Patrick Awuah, MBA 99, Receives Two Extraordinary Honors

Patrick Awuah, MBA 99, has received the 2015 Elise and Walter A. Haas International Award for his work as a path-bending educational leader in Ghana. The annual award, given to a UC Berkeley alumna or alumnus with a distinguished record of service to his or her country, is one of the university’s most prestigious honors.

“Your contributions to Ghana exemplify Berkeley’s highest values,” Chancellor Nicholas B. Dirks wrote in a March 16 letter to Awuah. “Your work to bring international recognition to Ghana by founding Ashesi University has made you one of the most renowned citizens of Ghana. The range of impact is extensive and has significantly impacted the well-being of the Ghanaian people.”

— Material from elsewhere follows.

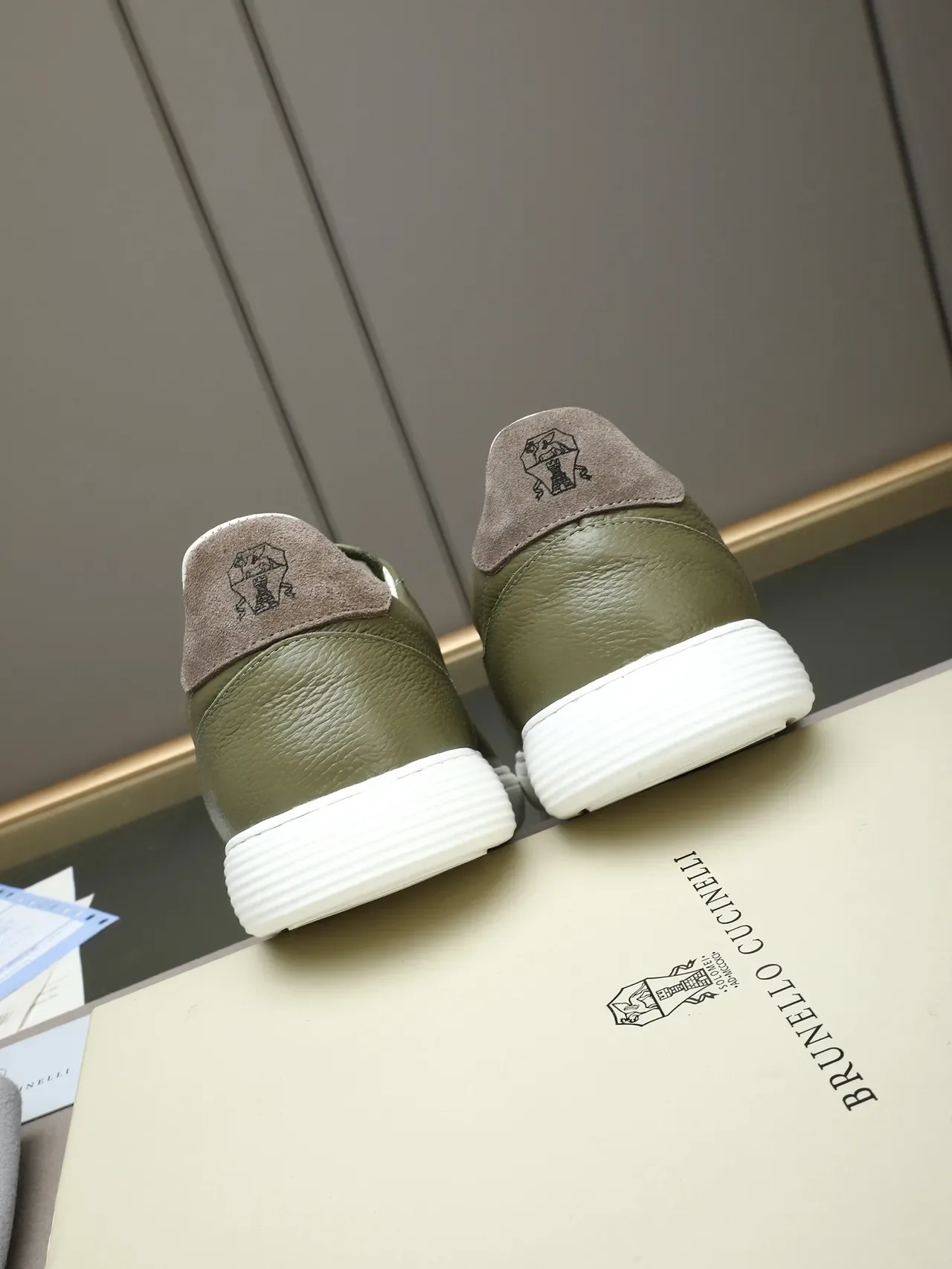 Brunello Cucinelli Olive Green Pebbled Leather Lifestyle Sneaker 3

In the same month, Awuah was also named to Fortune’s list of the world’s 50 greatest leaders in 2015—joining Pope Francis, Bill and Melinda Gates, and Mark Zuckerberg. The list honors “extraordinary men and women who are transforming business, government, philanthropy, and so much more.”
Awuah founded Ashesi University in 2002, after graduating from Haas. While at Haas, he came up with the idea to build a university in Ghana and turned it into a project in the school’s International Business Development (IBD) Program. Ashesi means “beginnings” in the African language Twi, and the name embodies the school’s ambitions. “We’re trying to train leaders of exceptional integrity, who can lead a renaissance in Africa,” Awuah said in a 2012 article in Berkeley-Haas magazine. “There have been times when it has seemed like Mission Impossible, but magic is happening.”

In 2009, Awuah won the Aspen Institute’s John P. McNulty Prize, a $100,000 grant that recognizes the most outstanding, innovative, replicable, and self-sustainable projects to address social problems. In 2012, Haas honored Awauah with the school’s Leading Through Innovation Award, established to celebrate Haas alumni who embody the school’s emphasis on innovative leadership and serve as exemplars to others in the Berkeley-Haas community.

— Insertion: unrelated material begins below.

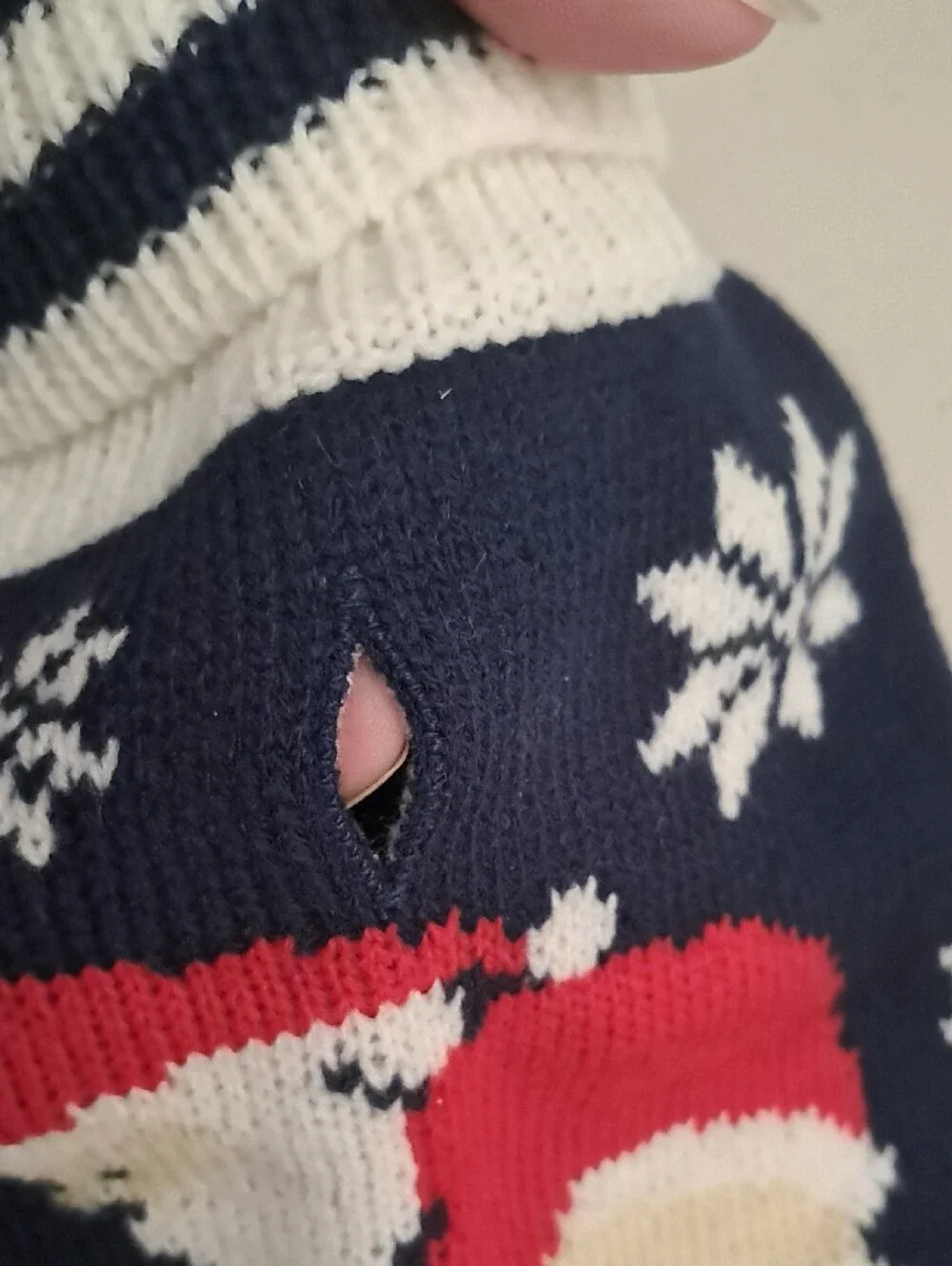 Navy & Red Santa Chimney Knit Dog Sweater Size Small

Awuah grew up in Ghana, leaving home in 1985 with $50 in his pocket and a full scholarship to Swarthmore College. He rose through the ranks at Microsoft from engineer to program manager. The birth of his first child inspired him to shift his focus back to Africa and consider how he could make a difference there.

With Ashesi, Awuah aimed to create a new kind of liberal arts university focused on quality, ethics, and personal empowerment; a university that would spark new enterprises, new solutions, and a model for other universities in Africa. Since its founding, the university has built a 100-acre hillside campus and graduated hundreds of students. Under a 10-year plan, Ashesi’s goals included recruiting more students from Africa beyond Ghana; expanding academic programs to include engineering and applied sciences, management and economics, and law and society; and planning for succession.

The Elise and Walter A. Haas International Award includes a cash prize of $15,000, an engraved medallion, and paid travel expenses to the awards presentation, to be held at University Commencement May 16, 2015. Established in 1964 by Mr. and Mrs. Walter Haas, Jr., Mr. and Mrs. Peter E. Haas and Mr. and Mrs. Richard N. Goldman, the award acknowledges their parents’ devotion to the university and their interest in international affairs.